A Milwaukee MA 957 regulator online is around $90, I did see one at Lucky's but I have no clue how much they wanted for it. A filled 15lb from Norwood in Etobicoke is like $95. Norwood is probably the cheapest place to buy a co2 tank in Toronto, refills are about $15. The Milwaukee regulator comes with a solenoid and bubble counter, the reactor you can go to home depot and pick up some ABS parts and make the reactor yourself for less then $10. Add all that up its probably cheaper then buying a whole setup from a shop


----------



## coldmantis (Apr 5, 2010)

90$ where did you find it online for 90? you sure that's not american price?


----------



## penpal (Feb 20, 2009)

I bought my here, shipping was around $13.

http://www.water-testers.com/contents/en-us/d100_milwaukee-ma957-co2-regulator.html


----------



## penpal (Feb 20, 2009)

The prices are in American but the conversion rate is pretty close anyways. Free shipping only applies to the US, if I remembered correctly they ship from St Louis.


----------



## coldmantis (Apr 5, 2010)

so the shipping price is adjusted later, I went to the website and I picked shipping for ontario it came up to like 30 something.


----------



## matti2uude (Jan 10, 2009)

You can get an electronic one from here
http://www.aquariumplants.com/URLre...ants_com_s_Electronic_Co2_Regulator_p/co2.htm
Or you can get a good one from here
http://www.bestaquariumregulator.com/CO2.html
Both are more expensive but are higher quality.


----------



## penpal (Feb 20, 2009)

Did you check 1-2 day? it says its for USA only. It doesn't calculate shipping rates to Toronto. When I ordered from them I choose Basic Ground and they sent me an confirmation email with shipping fees.


----------



## Will (Jul 24, 2008)

it would be good to call the company and place an order over the phone, and specifically ask for USPS (not UPS) to avoid any additional outrageous brokerage fees that you will have to pay when shipping courier over the border. I've paid brokerage fees that cost double the items cost- which wont be the case when you're buying something as costly as Co2 equipment, but it's a good way to loose your "deal".


----------



## Darkblade48 (Jan 28, 2008)

I have some reservations about the MA957 system; however, you can go this route if that is what you have decided on.

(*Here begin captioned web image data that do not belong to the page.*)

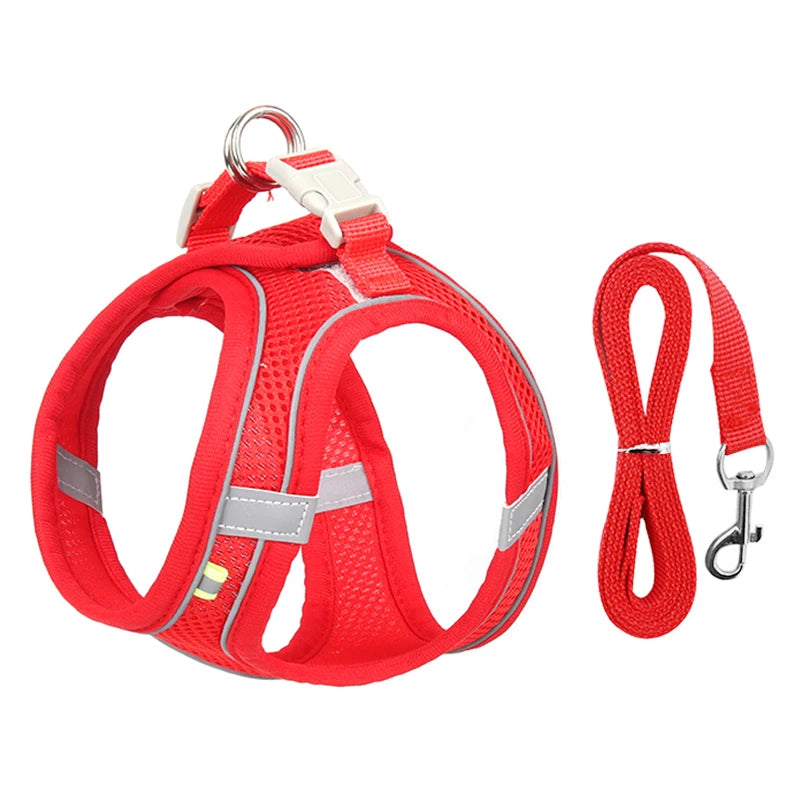 Adjustable Dog Harness Leash Set for Small Dogs, Puppy & Cat Vest for Walking, Reflective Lead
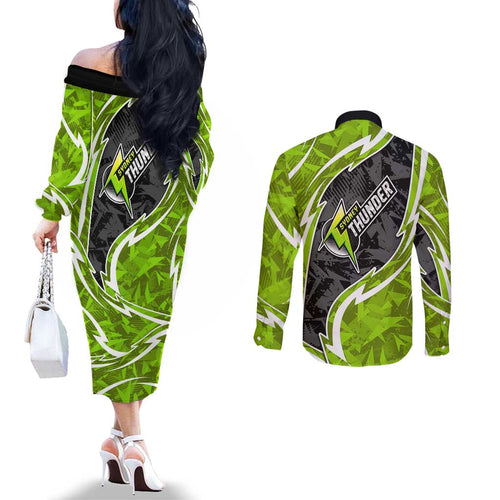Sydney Thunder Couples Matching Off The Shoulder Long Sleeve Dress and Long Sleeve Button Shirt Flaming Lightning Storm Geometric Sports Mascot Art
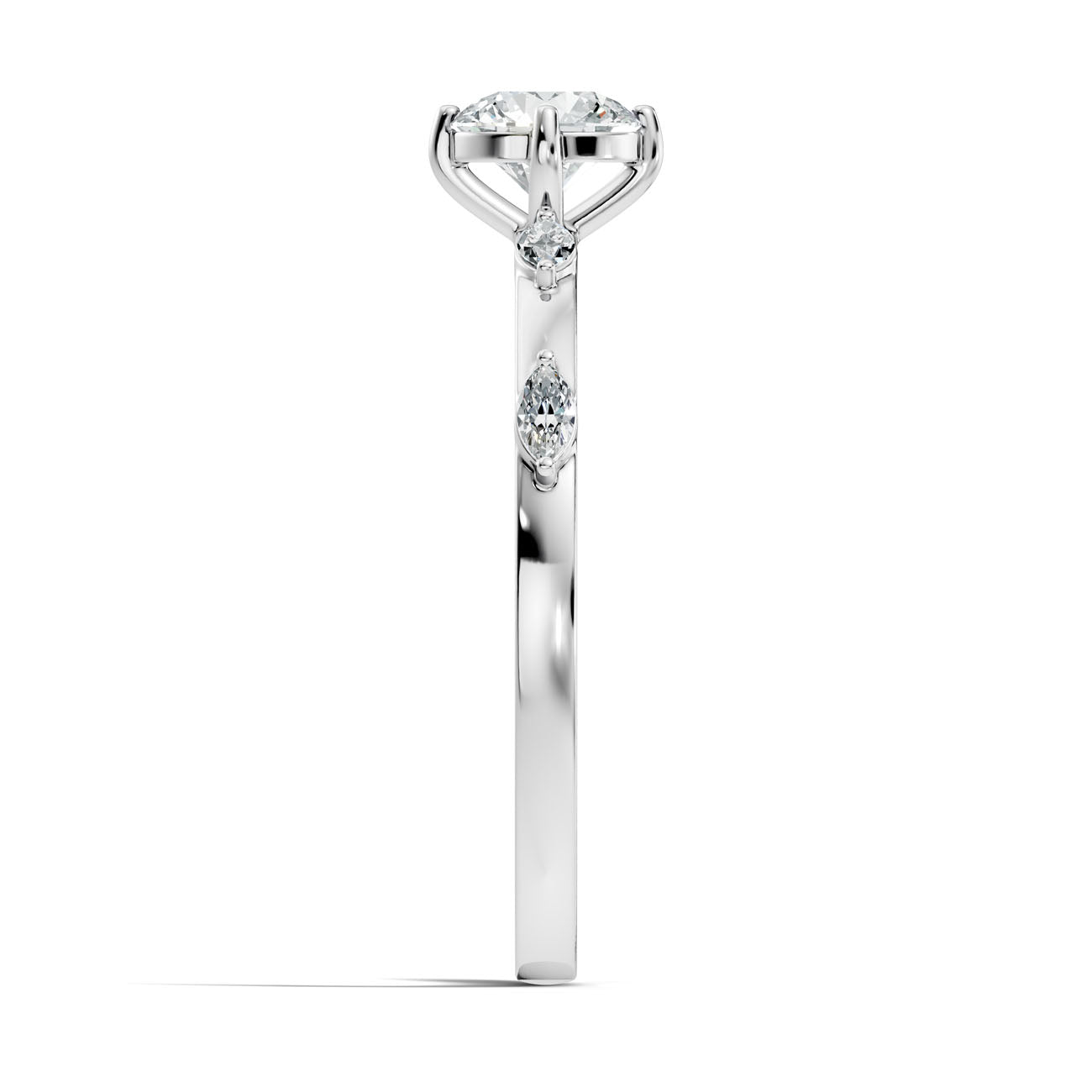 .60 Ct. Round Diamond Ring with Marquise Side Stones (GJSLR-086) 13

Please take a look at my pressurized CO2 guide if you haven't already:

http://gtaaquaria.com/forum/showthread.php?t=12271

I discuss about the various pros and cons of the regulators that have already been mentioned (the MA957, the Aquariumplants.com electronic regulator, and building your own from assembled parts, etc).


----------



## brapbrapboom (Sep 2, 2009)

Darkblade48 said:


> I have some reservations about the MA957 system; however, you can go this route if that is what you have decided on.
> 
> Please take a look at my pressurized CO2 guide if you haven't already:
> 
> ...


ahh yes! thanks dark will def check this out!


----------



## Greg_o (Mar 4, 2010)

Will Hayward said:


> it would be good to call the company and place an order over the phone, and specifically ask for USPS (not UPS) to avoid any additional outrageous brokerage fees ..


UPS does have a relatively inexpensive sevice to Canada that does include customs and duties. It's slow, but no slower than USPS's standard service.

Might be worthwhile asking the retailer in question if they offer this.


----------